Write out exactly, and only, the lines below from the line with "Der Geheimtipp sind" through the line with "St. John's wort"; pictures do not belong in the copy.

GIVEN DATA:
=== Begin Enclosure ===
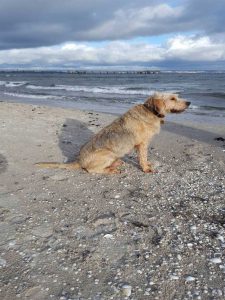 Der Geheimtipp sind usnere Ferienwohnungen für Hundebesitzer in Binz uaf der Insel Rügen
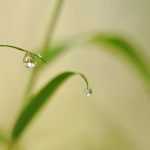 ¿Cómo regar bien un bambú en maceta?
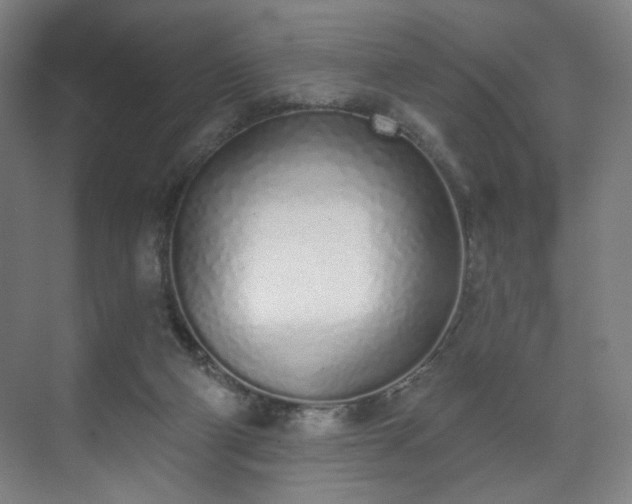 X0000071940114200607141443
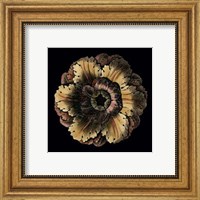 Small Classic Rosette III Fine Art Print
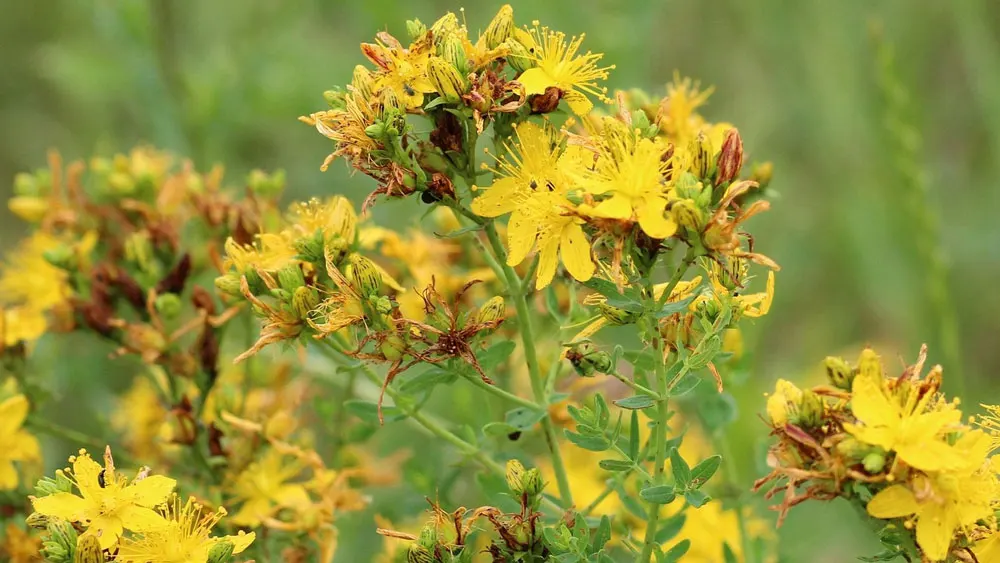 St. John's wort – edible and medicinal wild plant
=== End Enclosure ===
=== Begin Enclosure ===
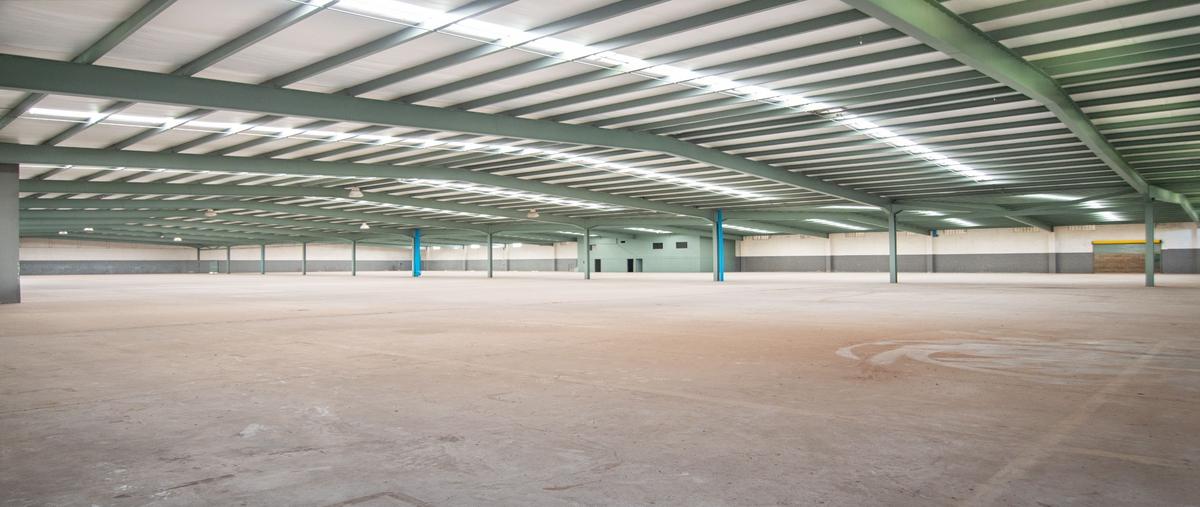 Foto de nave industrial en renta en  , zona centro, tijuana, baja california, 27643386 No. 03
=== End Enclosure ===
OUTPUT OF THE TASK:
 Der Geheimtipp sind usnere Ferienwohnungen für Hundebesitzer in Binz uaf der Insel Rügen
 ¿Cómo regar bien un bambú en maceta?
 X0000071940114200607141443
 Small Classic Rosette III Fine Art Print
 St. John's wort – edible and medicinal wild plant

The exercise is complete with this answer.